Its a frustrating time for many Americans wanting to share thoughts online about the recent election.
Twitter and Facebook have slapped warnings on some messages,
and in a few cases blocked postings that make false claims about the election process and the results.
Now they are finding other places to go online.
One of them is Parlor which promises it wont censor anything.
It is now the most downloaded app on the apple itunes store,
and popular with supporters of president Donald Trump.
We have gained well over four million new accounts in the last several days, maybe five, Im losing track.
The rise of Parlor comes with Americans divided over whether they want social media firms
to do more to keep their sites free from misinformation and calls for violence,
or should the internet be a place for all speech.
Enter Parlor from the French word paulet to speak.
Prominent conservatives have flocked to the Nevada-based platform
and some are calling for people to leave Twitter and Facebook for Parlor.

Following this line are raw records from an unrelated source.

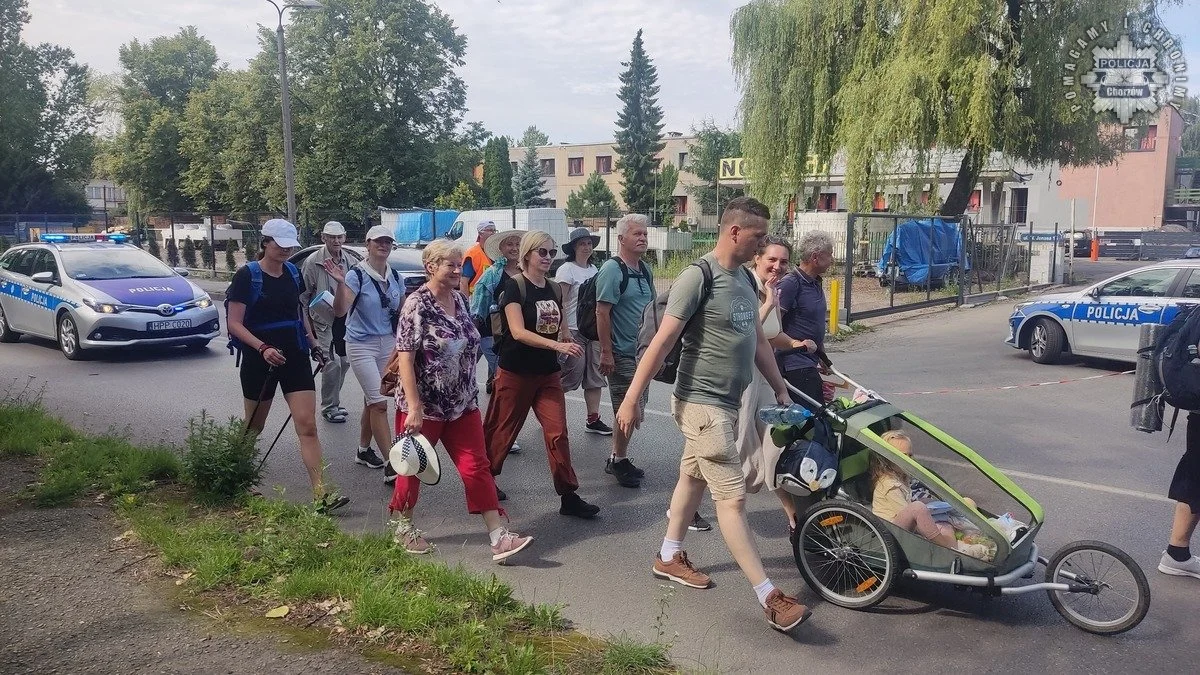Tyska Pielgrzymka przeszła przez Chorzów. Policja zadbała o bezpieczeństwo uczestników
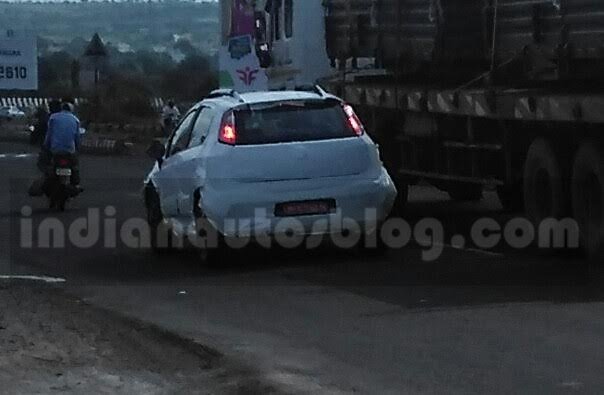 Fiat-Avventura-Urban-Cross-rear-spied-testing-for-the-first-time.jpg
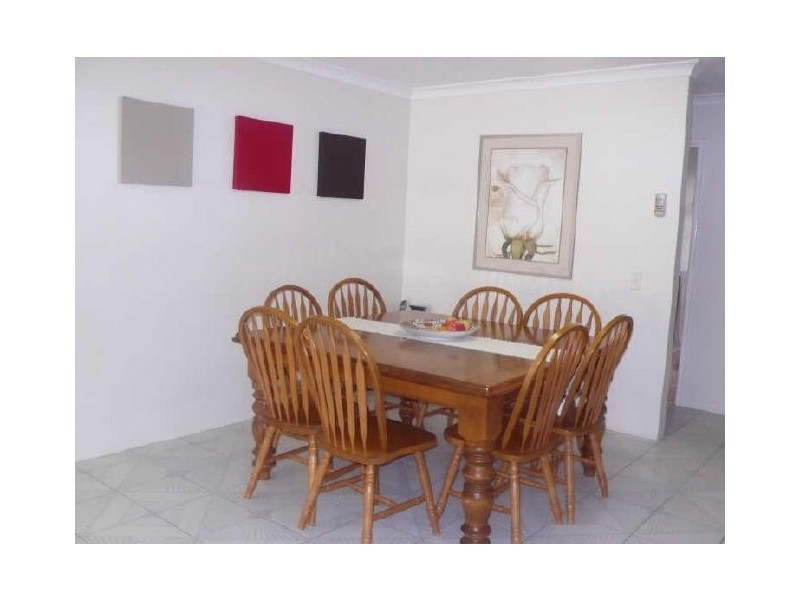 6 Exmouth Place, Thornlie WA 6108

I think theres a lack of trust and when they hear that there is somebody out there
who says we are an unbiased neutral free speech platform.

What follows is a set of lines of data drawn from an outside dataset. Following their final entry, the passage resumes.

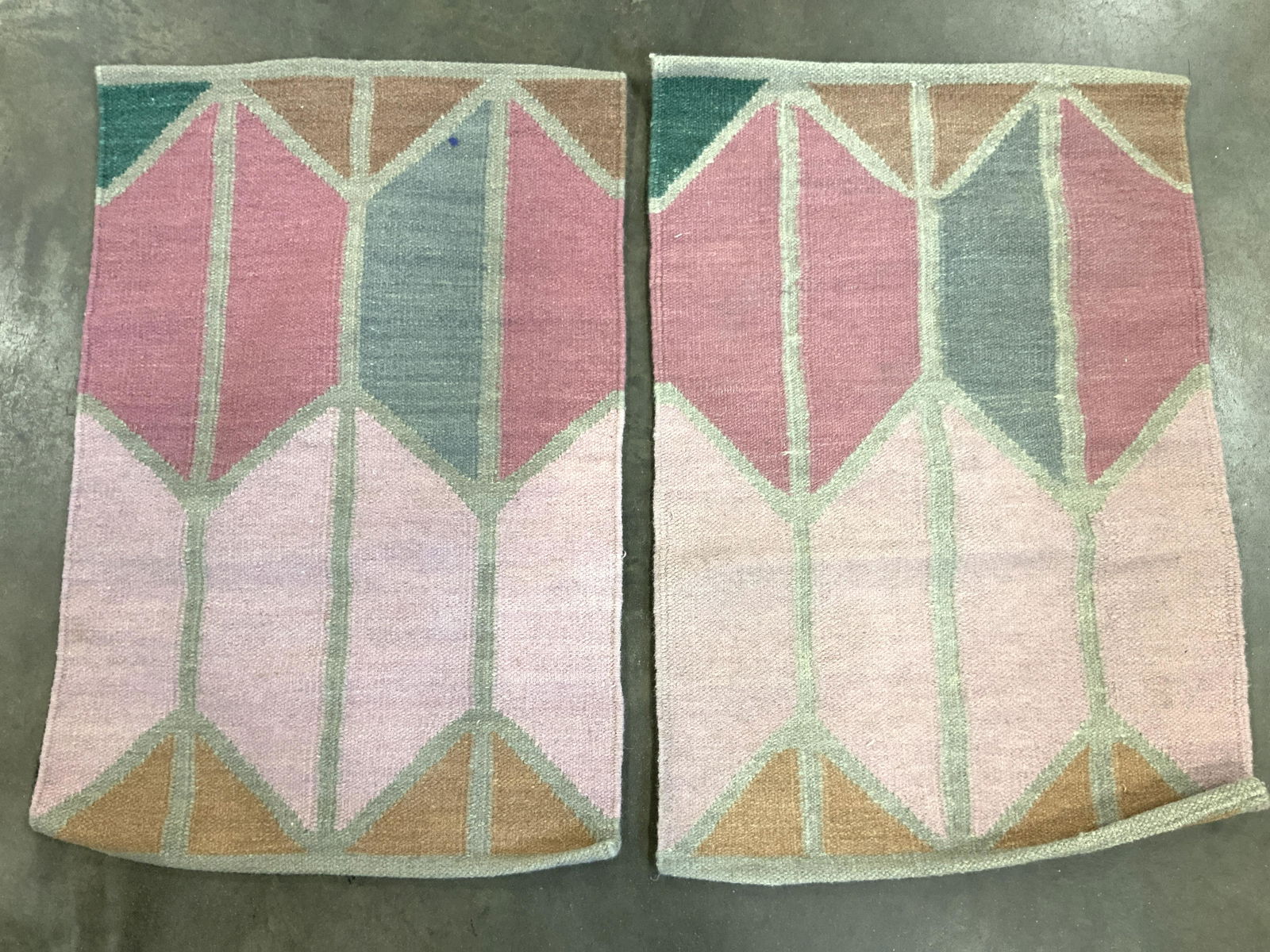2 FOX ALYSON Geometric Area Rugs (1 of 6)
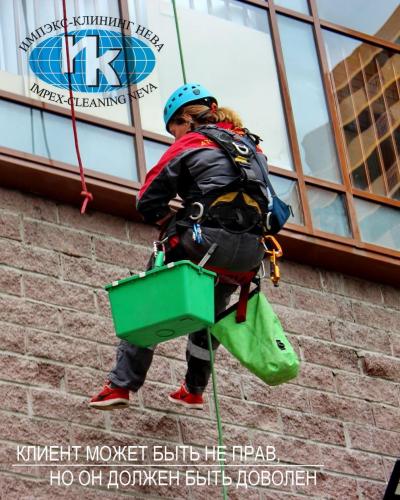 Мойка фасада альпинистами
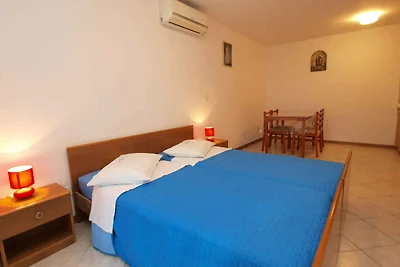 Ferienwohnung mit Balkon und Klimaanlage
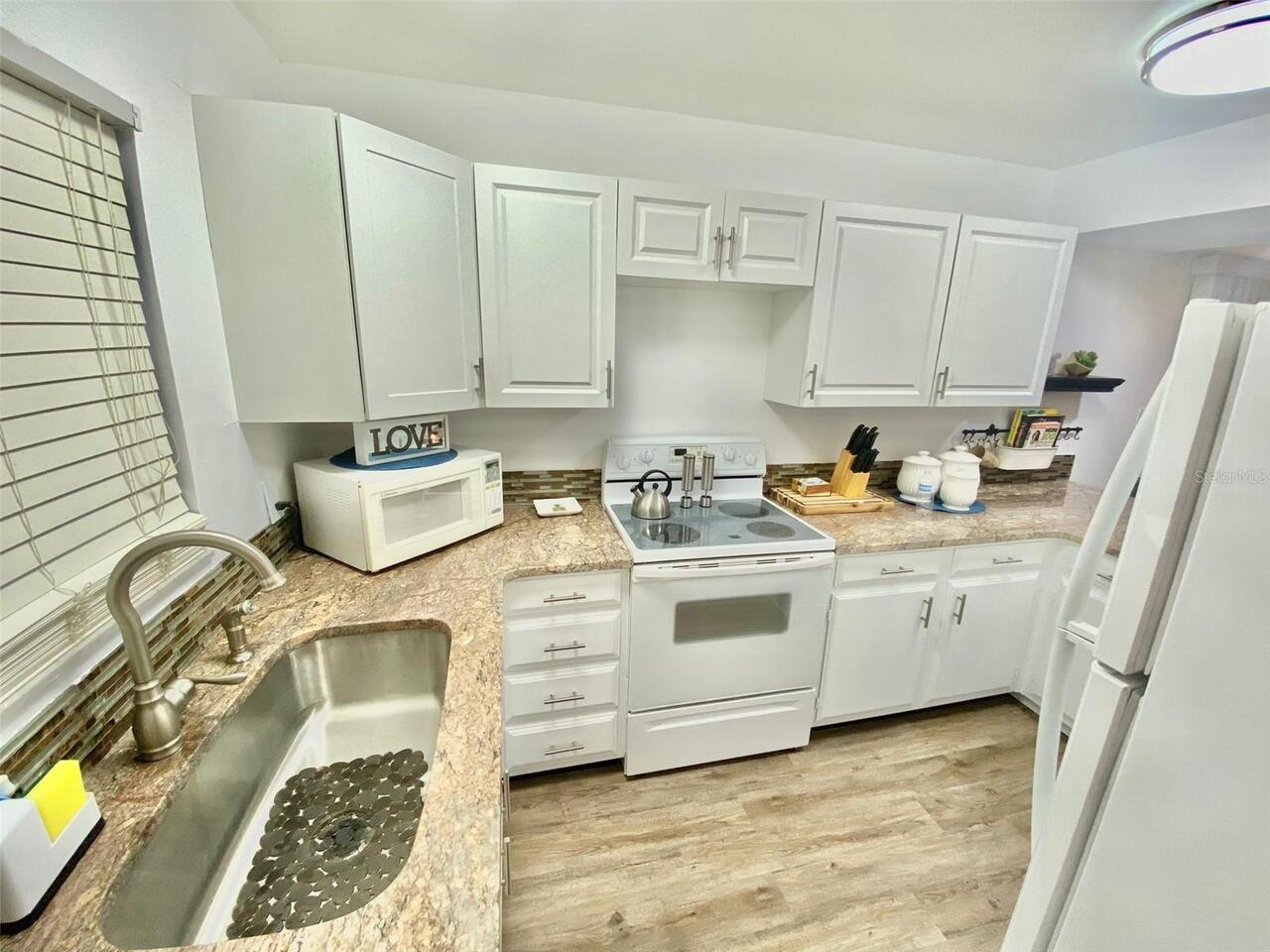 Listing Photo 12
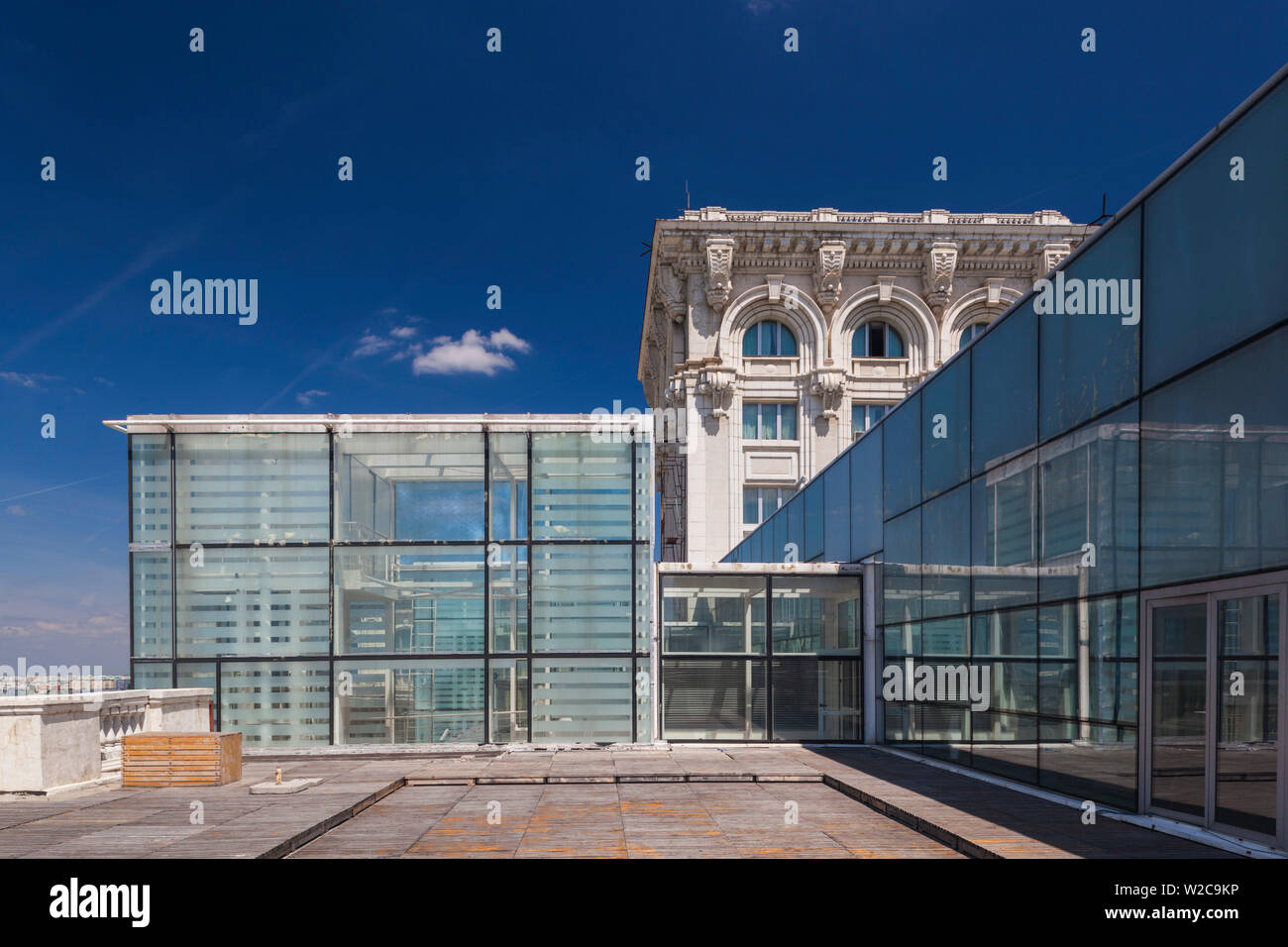 Rumänien, Bukarest, Palast des Parlaments, weltweit zweitgrößte Gebäude, Museum of Contemporary Art, äußere Aufzüge Stockfoto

Theyre willing to at least give it a shot at a certain point.
Much of the conversation on Parlor echoes president Donald Trumps unsupported claim
that the November 3rd election was stolen by democrats through massive voter fraud.
There are calls for action.
Demonstrations are being planned.
Sometimes users cross the line, an Arkansas police chief used Parlor to urge violence against democrats.

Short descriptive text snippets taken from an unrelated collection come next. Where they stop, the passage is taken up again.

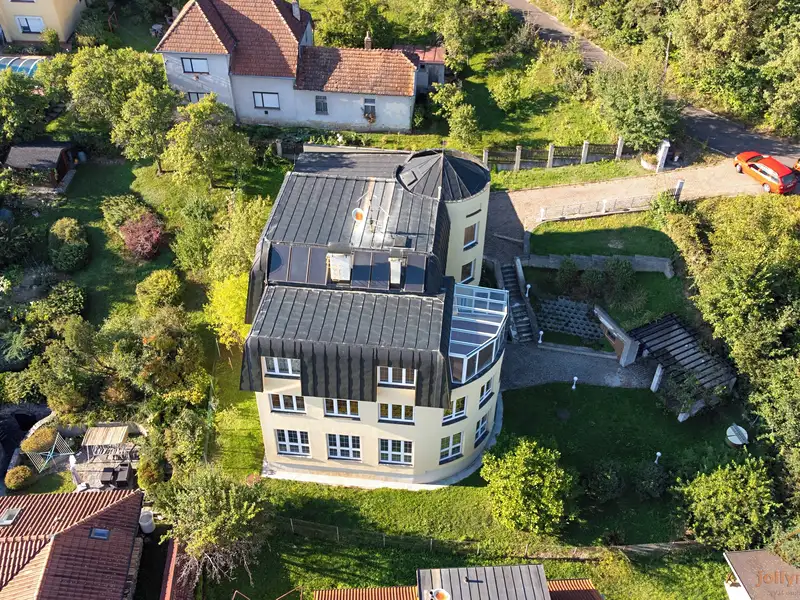 Prodej rodinného domu 470 m², pozemek 929 m², Luhačovice – náhled fotky 2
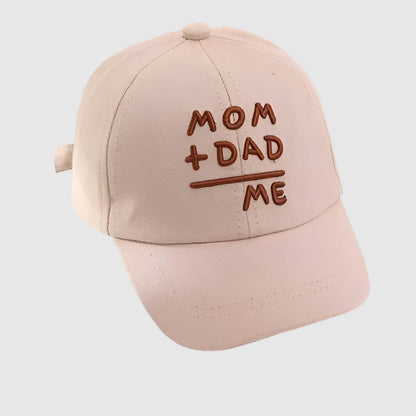 Casquette enfant à lettre brodée – style quotidien et confortable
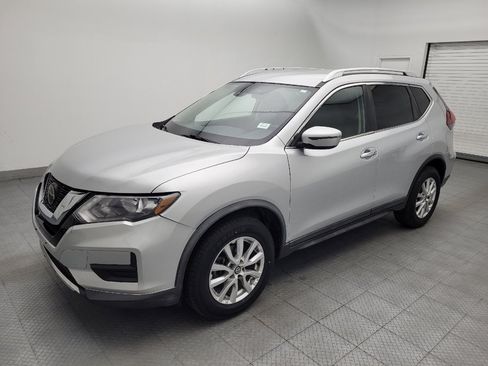 Used 2020 Nissan Rogue SV AWD/4WD image 2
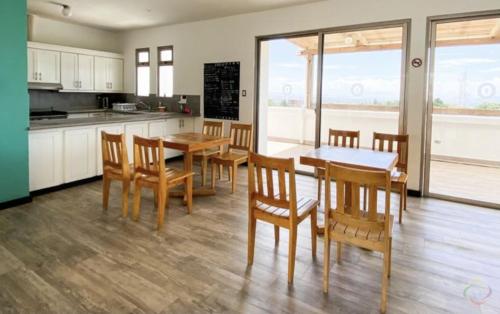a kitchen with a table and chairs and a dining room at Trendy Loft, El Dorm Apto. 434 in Guatemala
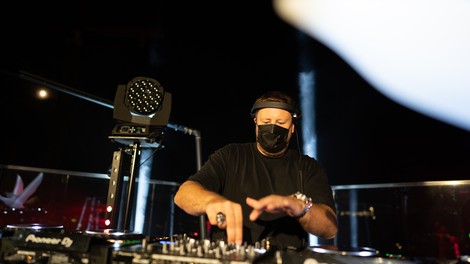 Premierno za Auroro je občinstvo razgrel DJ Umek
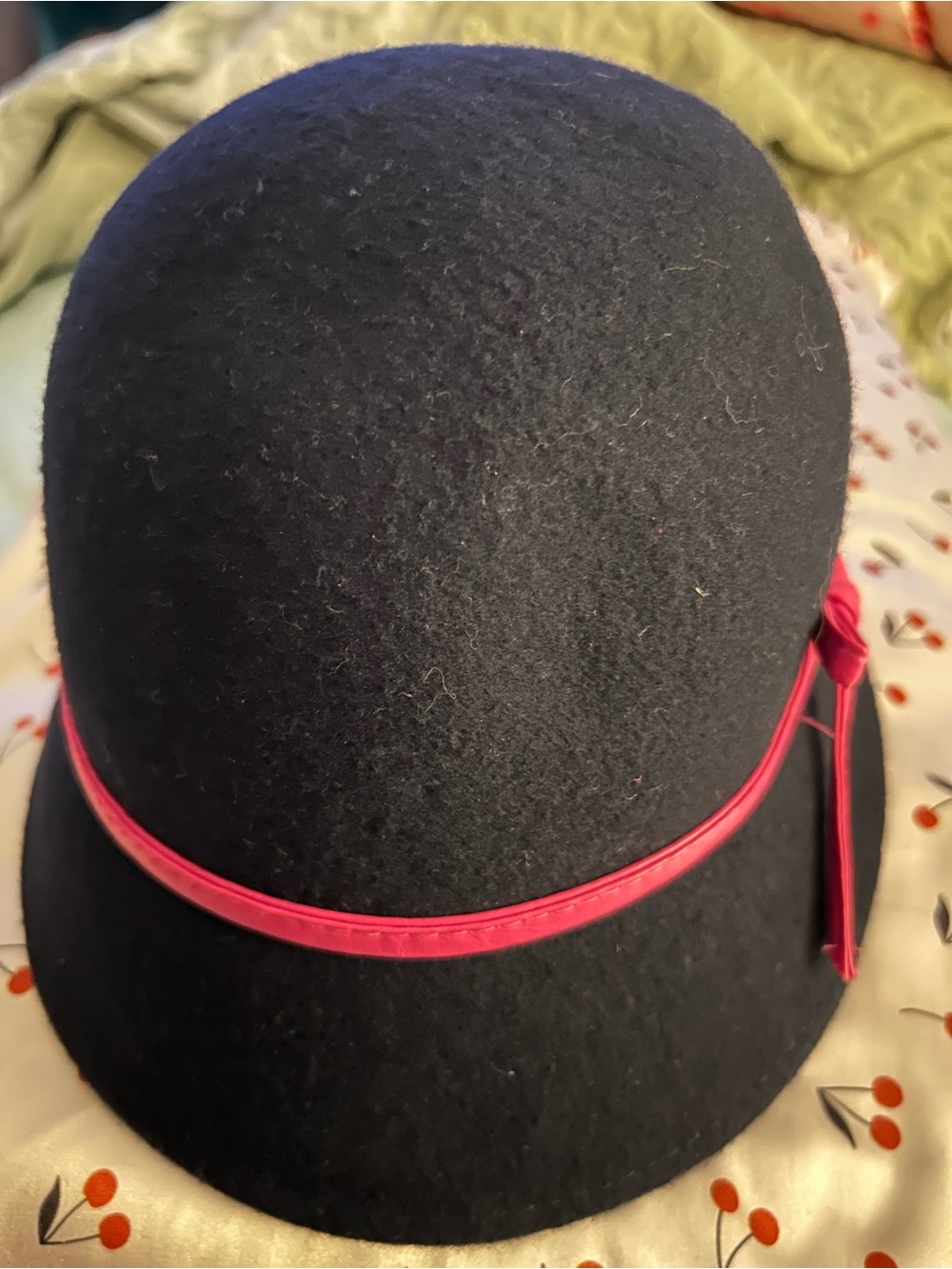 Preloved Big Buddha Cloche Hat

He claimed were preventing the reelection of Donald Trump.
When the posts appeared in news stories his public account was removed and he was forced to resign.
While the Parlor algorithm does not promote posts to keep users engaged.
The company says it is serious about its commitment to free speech and does not block extremist content.
The fact that we dont block out the content from various extremists
does not mean that our goal is to further all of those views right.
What we are planning to do is give the widest freedom possible
so that people can have a full discussion.
That is not much different from the founding missions of Facebook and Twitter,
but the major internet firms criticized for keeping people engaged by suggesting content
that is more extreme have increasingly taken steps to curtail the spread of misinformation,
and then came Parlor.
It potentially suggests that if platforms do try and steer people away from these echo chambers,
steer people away from what they want that people will just migrate elsewhere right.
Thats its a reminder that as powerful as these platforms are,
and is overwhelmingly unpopular as they are.
There are, its it is not a monopoly.
Its too soon to know whether Parlor will have lasting appeal
but for now as the US grapples with the results of the 2020 election,
Parlor has carved out a unique digital hangout.